The state Parole Board said Friday that it would comply with the court order, and that the parole eligibility hearings at issue in the matter would not go forward.

Until the rule was blocked, some prisoners previously ordered to serve out life sentences were scheduled to receive another parole eligibility hearing as early as next month, Cameron's office said.

They included a man responsible for the murder and kidnapping of two high school students, a woman responsible for murdering her 10-year-old stepson, a man who killed two teens on their first date and a man responsible for kidnapping, sexually assaulting and killing a college student, the attorney general's office said.

The restraining order was the first step requested by Cameron and Steele in challenging the rule. They filed a lawsuit last week in Laurel County Circuit Court asking that the policy be invalidated, claiming it violates state law and Kentucky's constitution.

The suit takes aim at the rule limiting the parole board’s ability to order a prisoner to serve out a life sentence at an initial parole eligibility hearing.

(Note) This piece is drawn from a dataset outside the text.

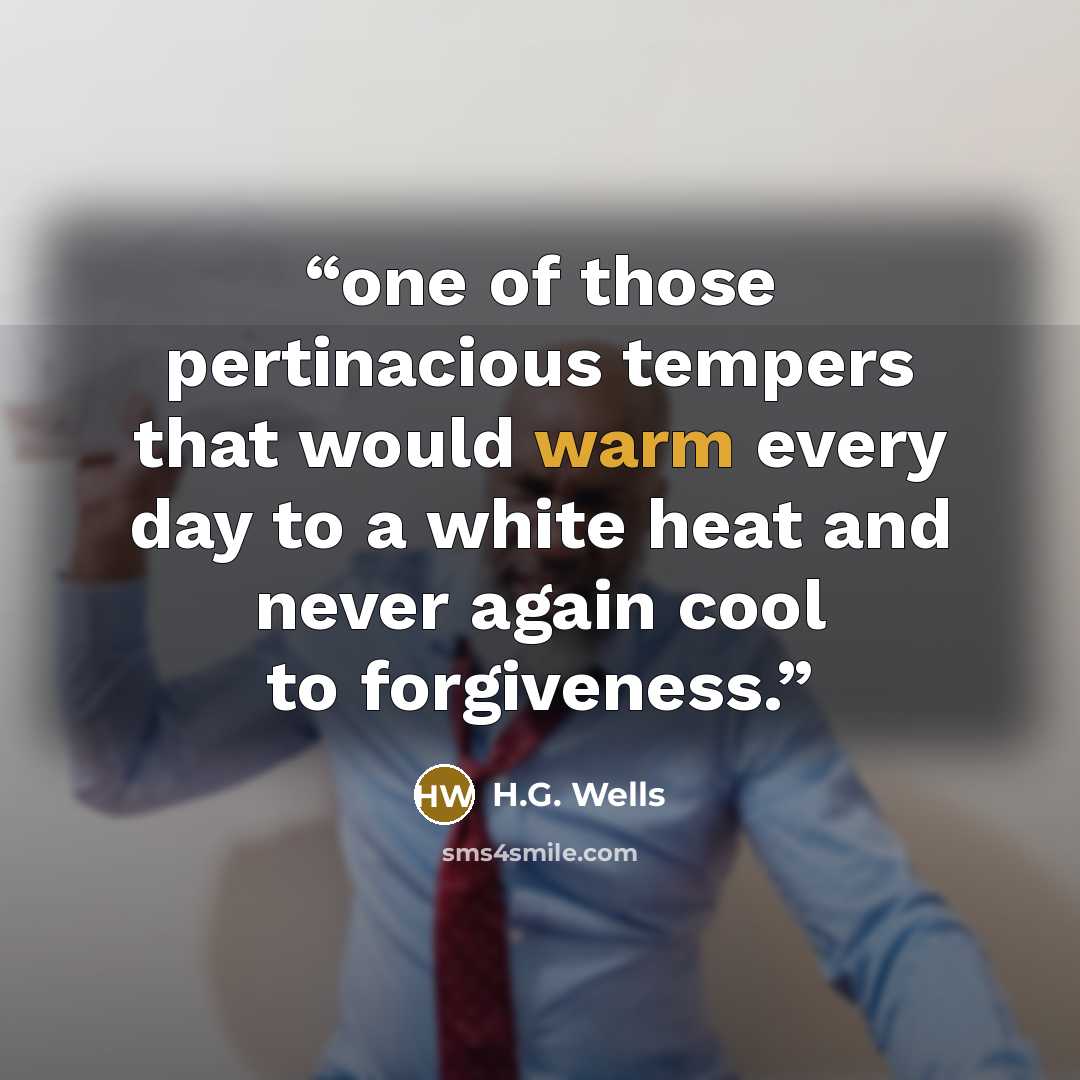 “one of those pertinacious tempers that would warm every day to a white heat and never again cool to forgiveness.” quote by H.G. Wells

Allowing new parole hearings would subject the victims’ families to reliving the crimes, Cameron and Steele said.

“When victims are finally told that those responsible for carrying out a crime against their loved one will serve out their sentence, they feel like they can close out a painful chapter and start the healing process,” Steele said. “For a government agency to open it all back up, like the Parole Board did, is terrible.”

Cameron claims the parole board lacked the legal authority to issue the new directive this spring. Even if it did have the authority, the board failed to follow the administrative regulation process, which requires a review by state lawmakers and a public comment period, the lawsuit said.